WHAT YOU NEED TO DO: Give back the data below word for word. Any image in it should be left out.

INFORMATION PROVIDED:

────────────────

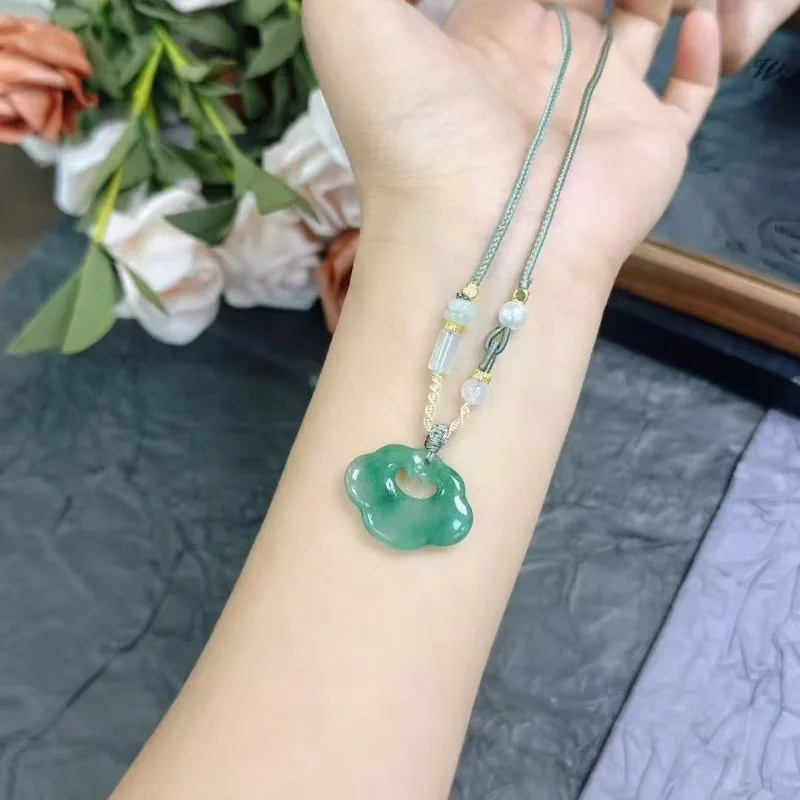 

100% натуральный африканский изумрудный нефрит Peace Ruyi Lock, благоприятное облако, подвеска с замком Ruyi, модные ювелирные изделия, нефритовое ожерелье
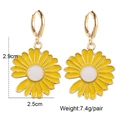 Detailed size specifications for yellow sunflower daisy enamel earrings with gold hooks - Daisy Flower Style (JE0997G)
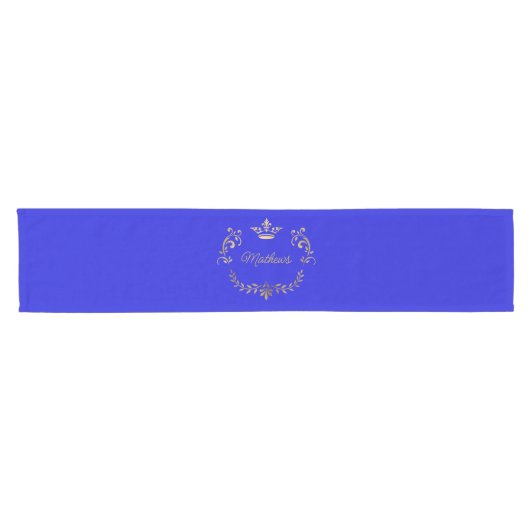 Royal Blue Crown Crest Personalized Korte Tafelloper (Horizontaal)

────────────────

WRITTEN REPLY:
100% натуральный африканский изумрудный нефрит Peace Ruyi Lock, благоприятное облако, подвеска с замком Ruyi, модные ювелирные изделия, нефритовое ожерелье
 Detailed size specifications for yellow sunflower daisy enamel earrings with gold hooks - Daisy Flower Style (JE0997G)
 Royal Blue Crown Crest Personalized Korte Tafelloper (Horizontaal)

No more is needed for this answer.